Straw Poll

For the past few years, I’ve been working on an anthology of literary writing (short stories, essays, poetry) on parenting diabled children. I’ve finally got the book together and an editor at an esteemed publishing house is preparing to propose this book to her colleagues for publication. She has confided, however, that the publishing house director is concerned that parents of children with X disability don’t want to read about the experiences of children with Y disability. I’m sure that this is not true, and I’m going to prepare a report to that effect, but if there’s anyone out there who can back me up on this, I’d love to hear your voice.


5 thoughts on “Straw Poll

  1. My kids don’t have a disability, and I find it interesting to read about the challenges of parenting kids with disabilities or non-typical lives. W

  2. My son has a common birth defect which is (mostly) correctible through surgery. On some level, I identify with parents of children who have disabilities, even when those disabilities are very different from my son’s. Actually, my experience with my son has made me much much interested overall in the lives of people with disabilities.

    Two great memoirs that I read about people with facial differences are Jeanne McDermott’s Babyface and Lucy Grealy’s Autobiography of a Face. Both of these books are about people whose disfigurement is much more severe and serious than my son’s, but I really found so much to think about in these books. I highly recommend both of them for anyone with an interest in learning more about living with disability.

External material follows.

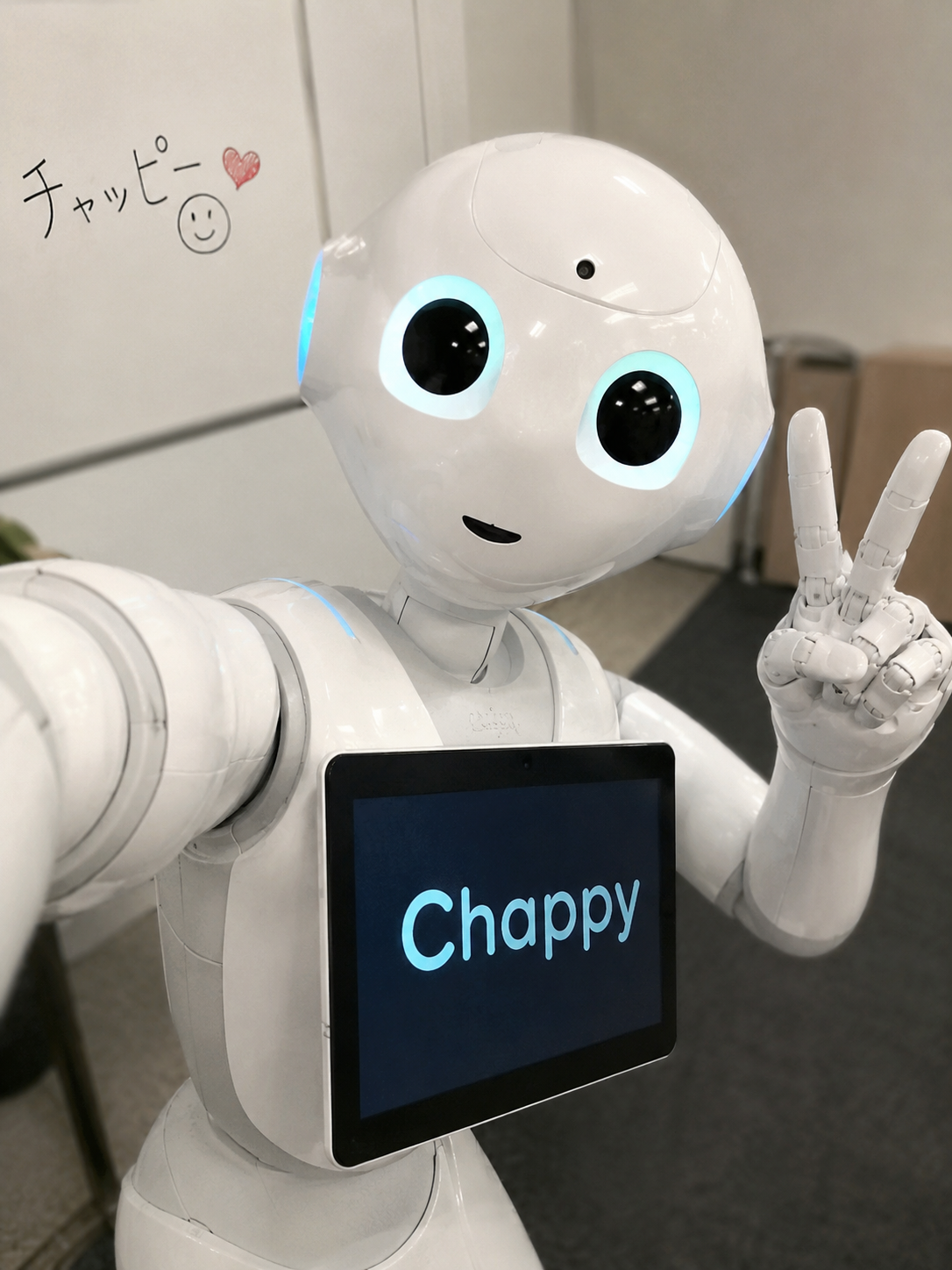 【chatGPT】みんなのチャッピーの自撮り見せて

    Oh, and I just remembered when I was a kid I read and re-read the book Karen, about a family who decided to raise their daughter with CP at home, during an era when kids with CP were usually institutionalized. I have never gone back and re-read it as an adult, so I don’t know how it stands up to the current thinking about disabilities and child-rearing, but I’d have to say the book had a profound effect on me. It’s one of the most memorable books of my childhood, and at that time I did not know any people with disabilities.

  3. I agree with Tami and Sandra. I think it’s sometimes hard for editors whose lives aren’t touched by this to understand the common threads of the experience.

  4. Hello!

    I’m mom to a three year old with Down syndrome and I have to concur with the others; my interest is in all children with different paths, not just DS.

    I’d like to be a part of the anthology, if you are still taking submissions. I write about my life at, if you are interested.

    Thanks for the posts. I just found your blog and I am really enjoying it.